Records from a data collection
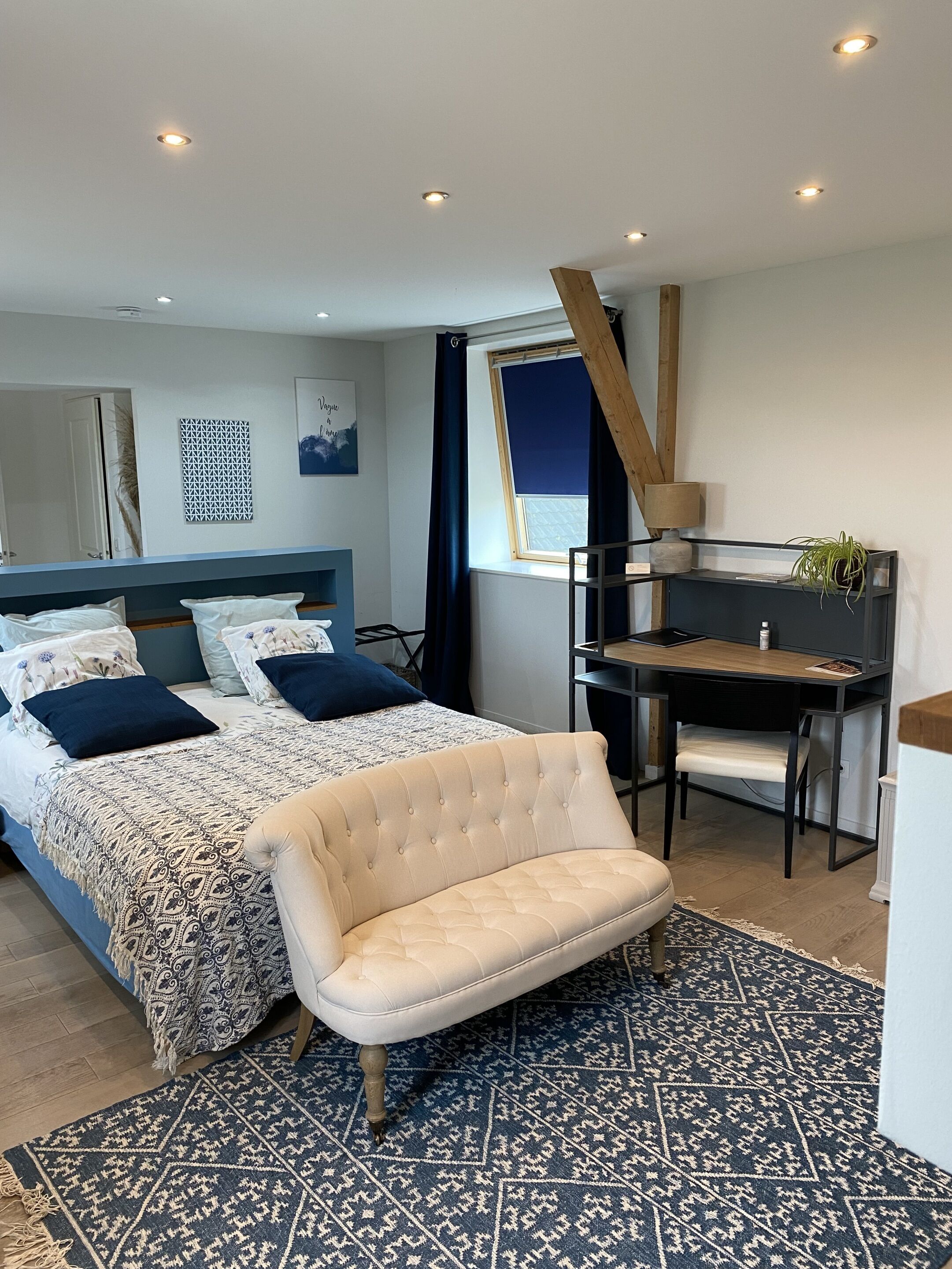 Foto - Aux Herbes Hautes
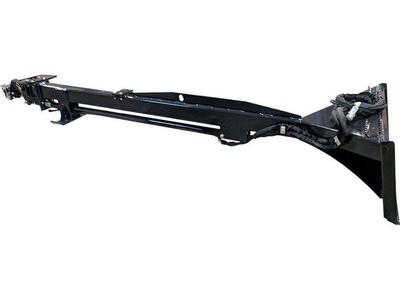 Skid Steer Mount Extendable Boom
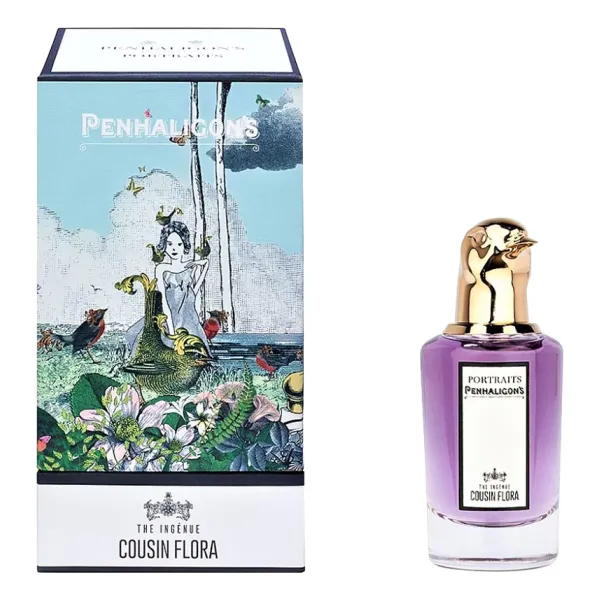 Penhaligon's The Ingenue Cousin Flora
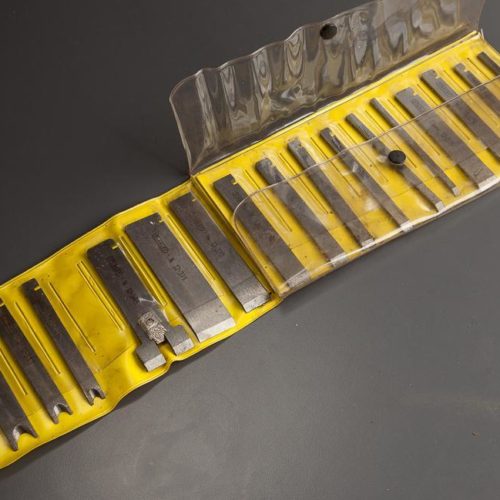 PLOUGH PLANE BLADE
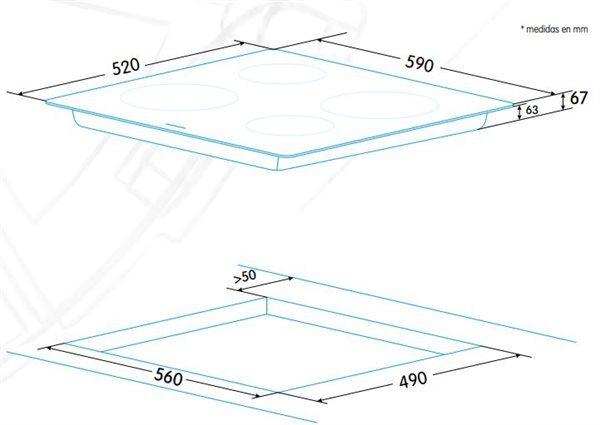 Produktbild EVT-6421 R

THE TASK
Produce an exact copy of the lines from the line containing "Skid Steer Mount Extendable Boom" through the last line of the records, with no pictures and no other text.

RESULT FOR THIS TASK
 Skid Steer Mount Extendable Boom
 Penhaligon's The Ingenue Cousin Flora
 PLOUGH PLANE BLADE
 Produktbild EVT-6421 R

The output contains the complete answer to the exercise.